REQUIREMENT
Each line of the data must reappear exactly in your answer, with no images included.

RECORDED DATA Block Start

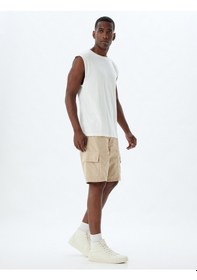Resim Koton Chino Şort Bermuda Kargo Cep Detaylı Beli Bağcıklı Pamuklu Bej 4sam40065hw Ekru 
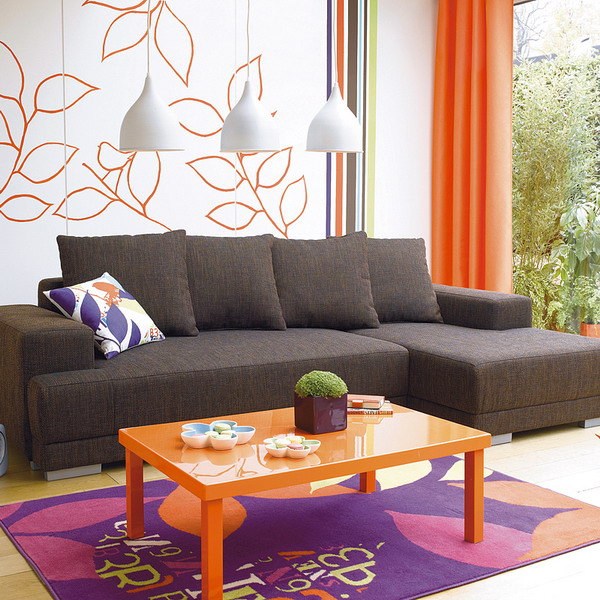 modern sofas with bright cushions are living room furniture design trends
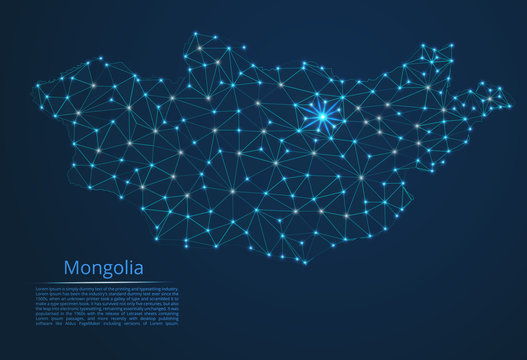 Mongolia communication network map. Vector low poly image of a global map with lights in the form of cities in or population density consisting of points and shapes in the form of stars and space.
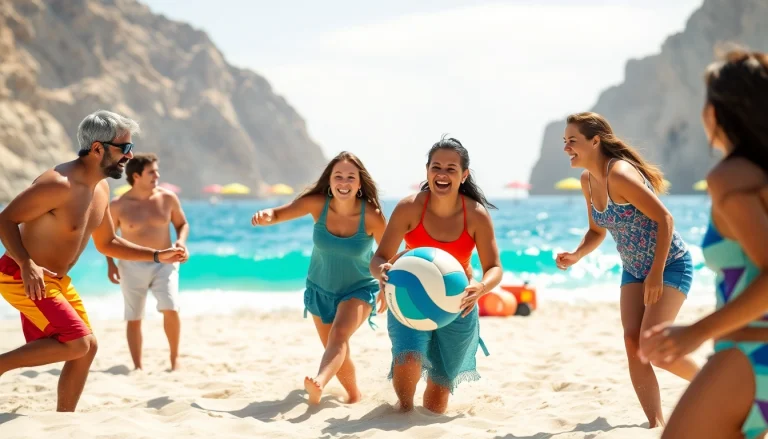 Engaging family playing together during Cabo family activities on a sunny beach.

RECORDED DATA Block End

RESPONSE
Resim Koton Chino Şort Bermuda Kargo Cep Detaylı Beli Bağcıklı Pamuklu Bej 4sam40065hw Ekru 
 modern sofas with bright cushions are living room furniture design trends
 Mongolia communication network map. Vector low poly image of a global map with lights in the form of cities in or population density consisting of points and shapes in the form of stars and space.
 Engaging family playing together during Cabo family activities on a sunny beach.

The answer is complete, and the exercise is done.